WORK REQUEST
Under this line sits a listing. Repeat exactly and only its lines from the one holding "sample of lesson" through the one holding "Infografika o strategii"; skip pictures.

DATA RECORDS

────

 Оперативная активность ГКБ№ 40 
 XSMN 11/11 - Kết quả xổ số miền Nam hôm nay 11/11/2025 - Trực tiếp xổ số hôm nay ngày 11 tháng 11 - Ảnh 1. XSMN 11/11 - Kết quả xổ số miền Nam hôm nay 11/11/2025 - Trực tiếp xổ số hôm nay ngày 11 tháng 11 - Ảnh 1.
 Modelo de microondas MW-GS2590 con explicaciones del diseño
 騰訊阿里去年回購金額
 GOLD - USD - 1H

────

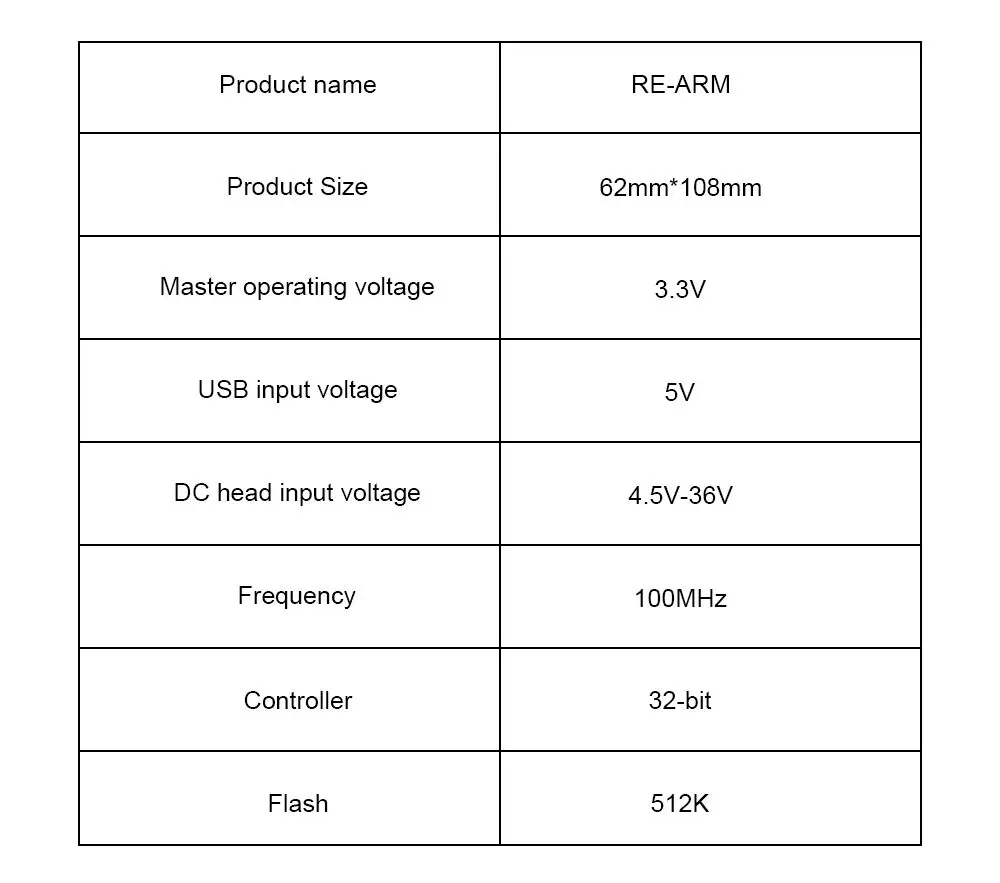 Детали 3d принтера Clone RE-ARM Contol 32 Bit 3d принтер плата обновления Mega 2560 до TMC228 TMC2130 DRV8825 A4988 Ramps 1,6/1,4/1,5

────

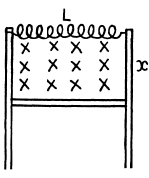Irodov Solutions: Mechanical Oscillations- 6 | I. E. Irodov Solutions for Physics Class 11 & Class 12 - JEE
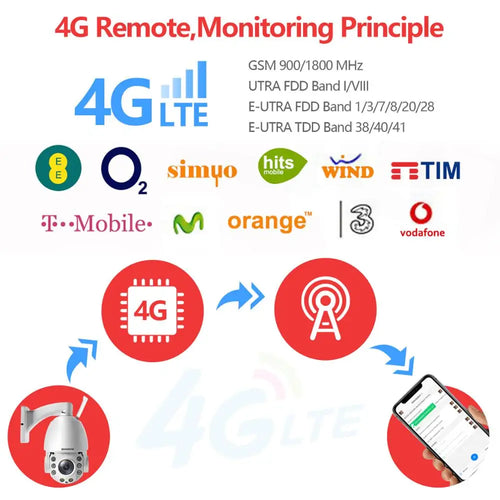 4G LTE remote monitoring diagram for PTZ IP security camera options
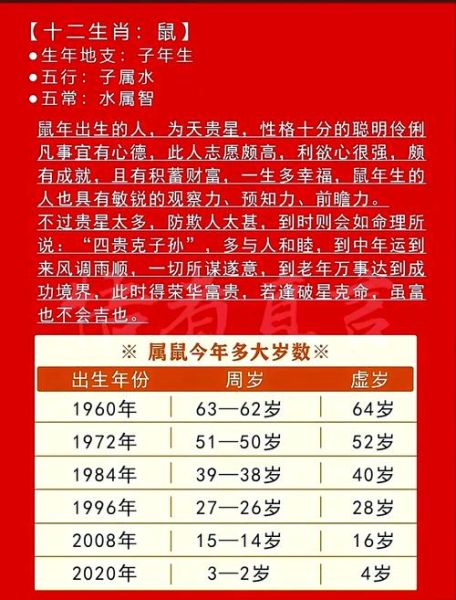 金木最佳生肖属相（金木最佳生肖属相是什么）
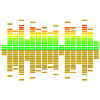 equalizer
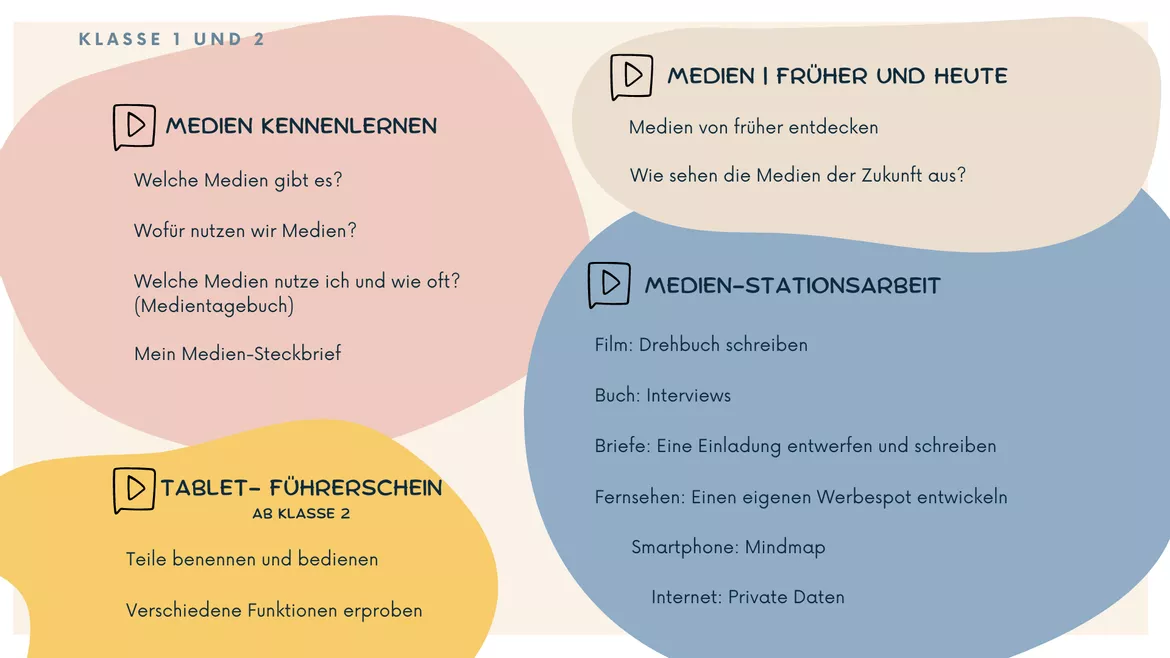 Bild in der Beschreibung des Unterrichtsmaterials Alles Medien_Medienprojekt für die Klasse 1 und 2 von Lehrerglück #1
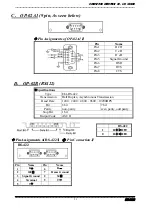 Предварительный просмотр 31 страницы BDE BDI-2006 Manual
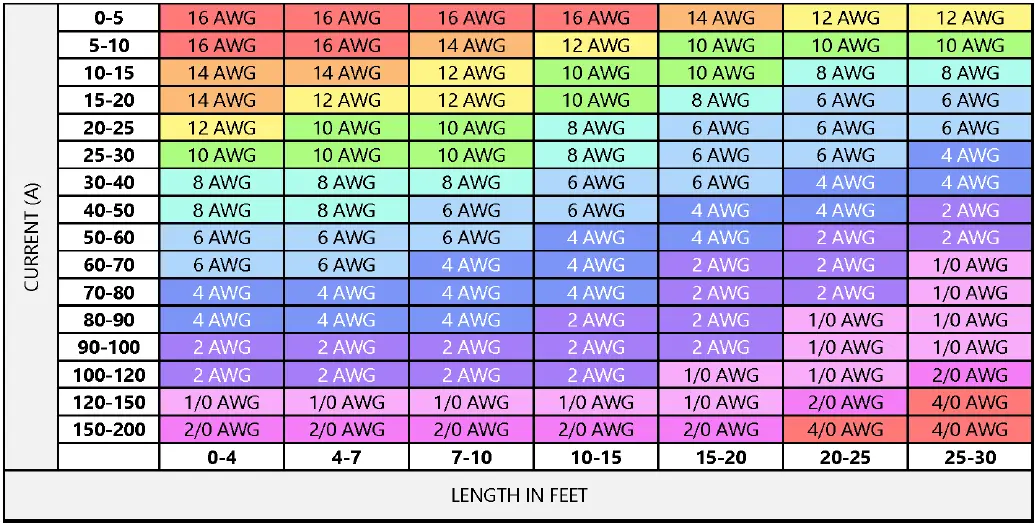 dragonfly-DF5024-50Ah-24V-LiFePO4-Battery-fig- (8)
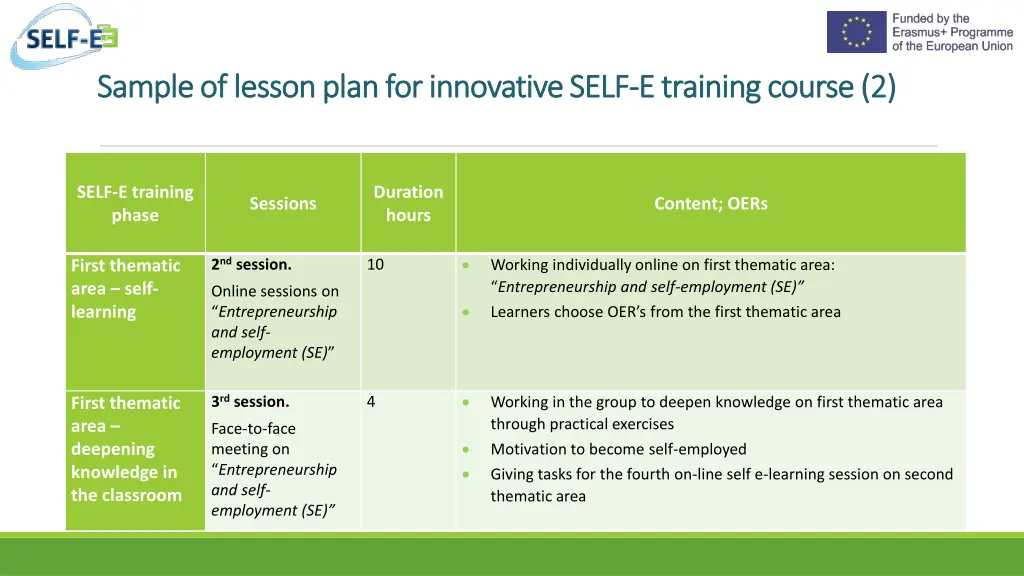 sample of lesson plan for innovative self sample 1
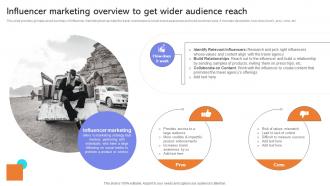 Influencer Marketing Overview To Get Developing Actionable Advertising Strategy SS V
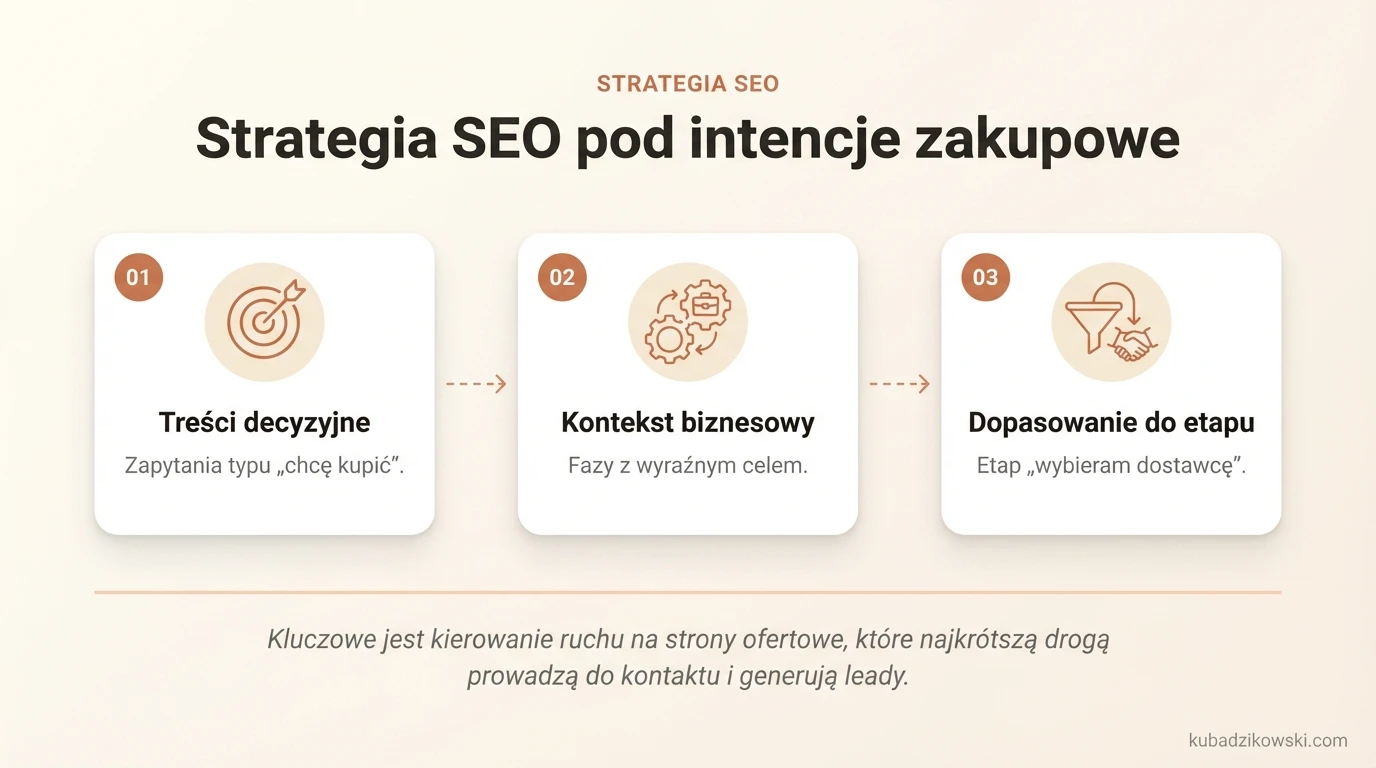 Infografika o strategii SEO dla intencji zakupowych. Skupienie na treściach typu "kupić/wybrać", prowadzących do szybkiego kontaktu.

────

ANSWER TO THIS TASK
 sample of lesson plan for innovative self sample 1
 Influencer Marketing Overview To Get Developing Actionable Advertising Strategy SS V
 Infografika o strategii SEO dla intencji zakupowych. Skupienie na treściach typu "kupić/wybrać", prowadzących do szybkiego kontaktu.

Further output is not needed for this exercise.